Abstract
Purpose :
Just 12% of the American population is considered to have proficient health literacy. Rare diseases, such as Retinitis Pigmentosa, are a problem for patients who are far from medical centers, who lack access to care and resources. RP affects 1 in 3000-4000 people. Recently-released Large Language Models (LLMs) ChatGPT (OpenAI) and Bard (Google), as well as AI Assistants such as Amazon Alexa and Google Assistant are used by the lay public for health education. We seek to understand the ability of LLMs and AI Assistants for health education for rare diseases, such as RP. Additionally, we compare ChatGPT3.5 and its new update, ChatGPT4.0.
Methods :
5 questions relating to RP were developed:
Questions:
What is a retina?
What is retinitis pigmentosa (RP)?
What is the current treatment for RP?
How do I diagnose RP?
If my mom has RP - how likely is it that I will get it?

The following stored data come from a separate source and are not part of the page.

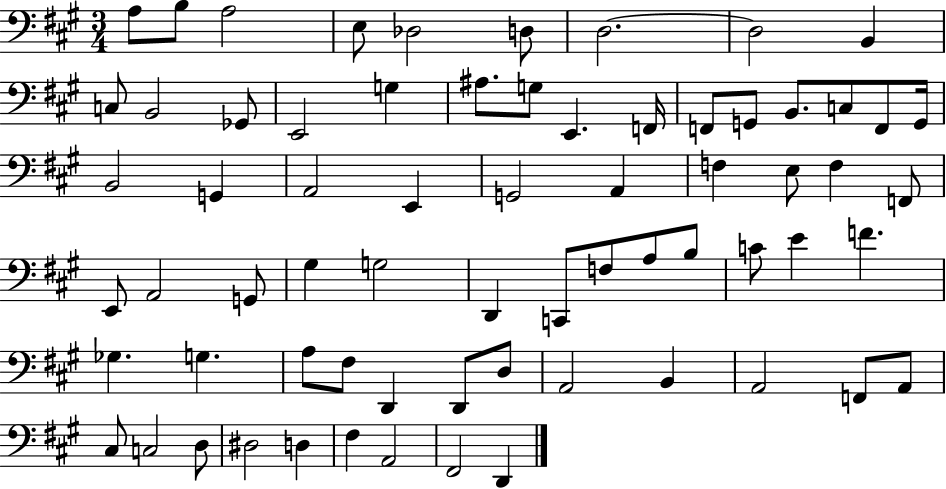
{
  \clef bass
  \numericTimeSignature
  \time 3/4
  \key a \major
  a8 b8 a2 | e8 des2 d8 | d2.~~ | d2 b,4 | \break c8 b,2 ges,8 | e,2 g4 | ais8. g8 e,4. f,16 | f,8 g,8 b,8. c8 f,8 g,16 | \break b,2 g,4 | a,2 e,4 | g,2 a,4 | f4 e8 f4 f,8 | \break e,8 a,2 g,8 | gis4 g2 | d,4 c,8 f8 a8 b8 | c'8 e'4 f'4. | \break ges4. g4. | a8 fis8 d,4 d,8 d8 | a,2 b,4 | a,2 f,8 a,8 | \break cis8 c2 d8 | dis2 d4 | fis4 a,2 | fis,2 d,4 | \break \bar "|."
}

Questions were verbally asked to Amazon Alexa and Google Assistant, and audible responses were transcribed to text. Questions were also asked to ChatGPT3.5, ChatGPT4.0, and Bard. Several metrics of readability were used to assess the quality of the answer: Flesch-Kincaid reading ease score, Flesch-Kincaid grade level, SMOG index, Gunning-Fog score, Dale-Chall score and grade level.
Results :
LLMs had more words than AI Assistants (Mann-Whitney U, p=0.00188), but all readability metrics had no statistically significant difference between LLMs and AI Assistants. ChatGPT4.0 responses had fewer words than ChatGPT3.5 (Mann-Whitney U, p=0.0366). Bard's responses, the most readable, scored as high-school level on every response, while ChatGPT and the AI assistants had at least one college-level grade in the responses.
Conclusions :
Both LLMs and AI Assistants are capable of producing excellent, informative responses that can be used to educate patients. The wide adoption of these technologies makes them accessible to everyone, however, verbose and complex sentences may impede their use for medical education for the general population. ChatGPT4.0 responses use fewer words than ChatGPT3.5, indicating that with more data and human interaction, LLMs will become better tools for patient education. Such rapid progress makes AI an exciting new field for physicians to explore.
This abstract was presented at the 2024 ARVO Annual Meeting, held in Seattle, WA, May 5-9, 2024.